At the New Mills Petty Sessions on Wednesday, James Edwards and Thomas Edwards, father and son, were summoned by Messrs Williamson & Company, Gunpowder manufacturers, of Fernilee, for leaving their work without notice, whereby complainants claimed £2 as damages.

Mr Gorton, solicitor, appeared for the prosecution.

Mr John Ault, the manager for Messrs Williamson, gunpowder manufacturer, said that both defendants had been in the employ of the company, and when they were engaged they agreed to give fourteen days’ notice James Edwards on the 29th , the former having given only four days’ notice, and the latter three days.
In consequence of their leaving one portion of the works was closed for two days, and the amount claimed did not cover the loss.

That part of the works which was stopped was dependent upon both of the defendants, inasmuch as they could not engage any but skilled workmen, owing to the nature of the work.

They brought these proceedings to show that their workpeople could not leave in this way without notice.
On witness finding notice from James Edwards in the office, he went to the defendant and told him he could not accept his notice, when he replied that he was sorry, but he should go whether I accepted it or not. In consequence of defendant’s leaving, nine people were thrown out of employment, and the produce of their work would have been about £10 in the company’s way.

Defendant denied that any notice was mentioned when he was engaged, and his son (the younger defendant) was under his control.

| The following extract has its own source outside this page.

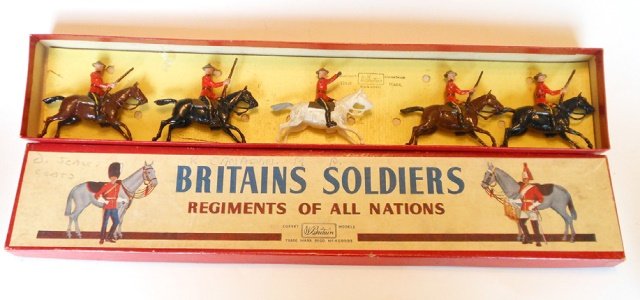 Britains Set #1349 Royal Canadian Police: Mounted. Post War. 5 pieces, with original R.O.A.N. Box, untied. Condition excellent. Box good; some pencil writing on lid.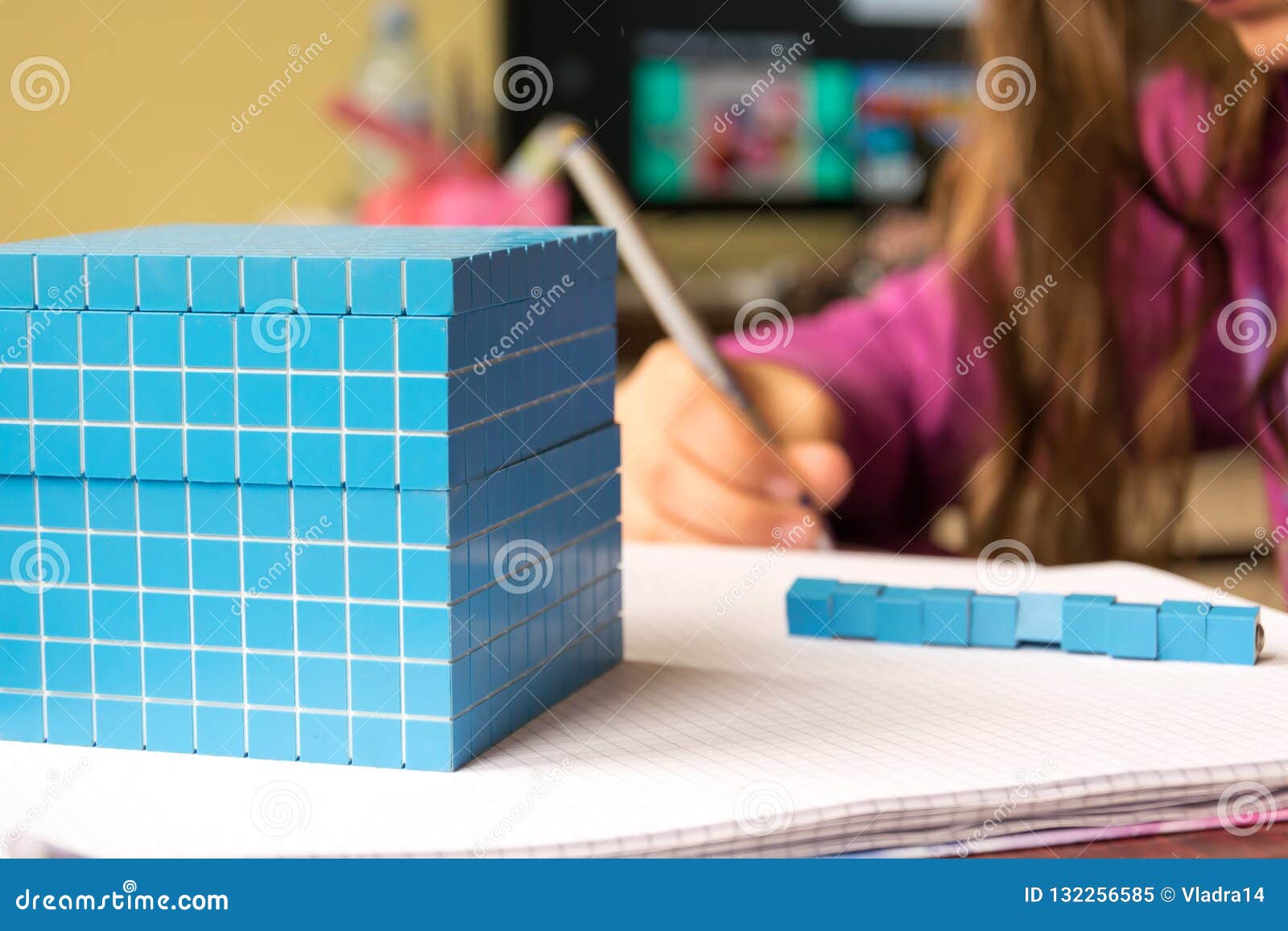 child learns math, volume and capacity. for learning model uses a three-dimensional cube.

The Bench considered the case proved, and each defendant was order to pay 10/- and costs.
The Cromford & High Peak Railway

John Marshall

An extension to Messrs Williamson's gunpowder works sidings at Fernilee, south of Shallcross top, at a cost of £57 was approved on 23 April 1884. Williamson was to pay £20 of the cost.

High Peak News
17 November 1888

the fernilee gunpowder mills.

These mills, which have for many years, if not since they were established, been in the hands of Messrs Williamson & Company, have recently been sold to the Chilworth Gunpowder Company (Surrey.) We are informed that the works will be carried on on a larger scale in future.
Ashton Reporter - 13 July 1889


Mr Nall said there was no great necessity to remove the school. In fact there was a greater necessity now than ever that the school should be where it was, as there was a prospect of the district increasing in consequence of the Chilworth Gunpowder Company intending to increase their works, and he understood that the company had bought two farms for this purpose, and as there was a probability of the population increasing; and if Elnor Lane School was put in working order, in his opinion there was no need for a new school, as it was in a reasonable distance, only being half a mile from where most of the houses were. He was of the opinion that the experiment of working the school as the trustees intended ought to be tried. His co-trustees were all of the same opinion.
High Peak News
23 August 1890

serious charge.

At the Chapel-en-le-Frith Special Sessions, on Thursday, Moses Bostock, a joiner, was summoned by Henry Bloomfield for unlawfully threatening to kick out his brains. Prosecutor, who is manager of the Powder Mills at Fernilee, said the prisoner worked for him as a joiner.

High Peak News
30 May 1891

accident at the chilwell gunpowder works, fernilee.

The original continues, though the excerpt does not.